[Records drawn from a dataset]
+===+
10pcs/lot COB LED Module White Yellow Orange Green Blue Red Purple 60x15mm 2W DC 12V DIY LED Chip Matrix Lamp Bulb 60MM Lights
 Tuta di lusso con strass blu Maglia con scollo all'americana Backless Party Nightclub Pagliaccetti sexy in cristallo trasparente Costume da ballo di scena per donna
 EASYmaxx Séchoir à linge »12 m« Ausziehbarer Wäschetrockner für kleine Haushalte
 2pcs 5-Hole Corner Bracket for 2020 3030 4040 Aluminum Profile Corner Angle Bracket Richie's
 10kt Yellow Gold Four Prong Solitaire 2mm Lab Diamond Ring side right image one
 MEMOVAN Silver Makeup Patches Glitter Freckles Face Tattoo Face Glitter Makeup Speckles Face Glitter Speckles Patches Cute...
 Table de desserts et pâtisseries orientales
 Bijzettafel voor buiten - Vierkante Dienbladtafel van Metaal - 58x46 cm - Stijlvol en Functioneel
+===+
> _Aim of the task_
Your answer must be the full set of entries, copied exactly.

> _Task output_
10pcs/lot COB LED Module White Yellow Orange Green Blue Red Purple 60x15mm 2W DC 12V DIY LED Chip Matrix Lamp Bulb 60MM Lights
 Tuta di lusso con strass blu Maglia con scollo all'americana Backless Party Nightclub Pagliaccetti sexy in cristallo trasparente Costume da ballo di scena per donna
 EASYmaxx Séchoir à linge »12 m« Ausziehbarer Wäschetrockner für kleine Haushalte
 2pcs 5-Hole Corner Bracket for 2020 3030 4040 Aluminum Profile Corner Angle Bracket Richie's
 10kt Yellow Gold Four Prong Solitaire 2mm Lab Diamond Ring side right image one
 MEMOVAN Silver Makeup Patches Glitter Freckles Face Tattoo Face Glitter Makeup Speckles Face Glitter Speckles Patches Cute...
 Table de desserts et pâtisseries orientales
 Bijzettafel voor buiten - Vierkante Dienbladtafel van Metaal - 58x46 cm - Stijlvol en Functioneel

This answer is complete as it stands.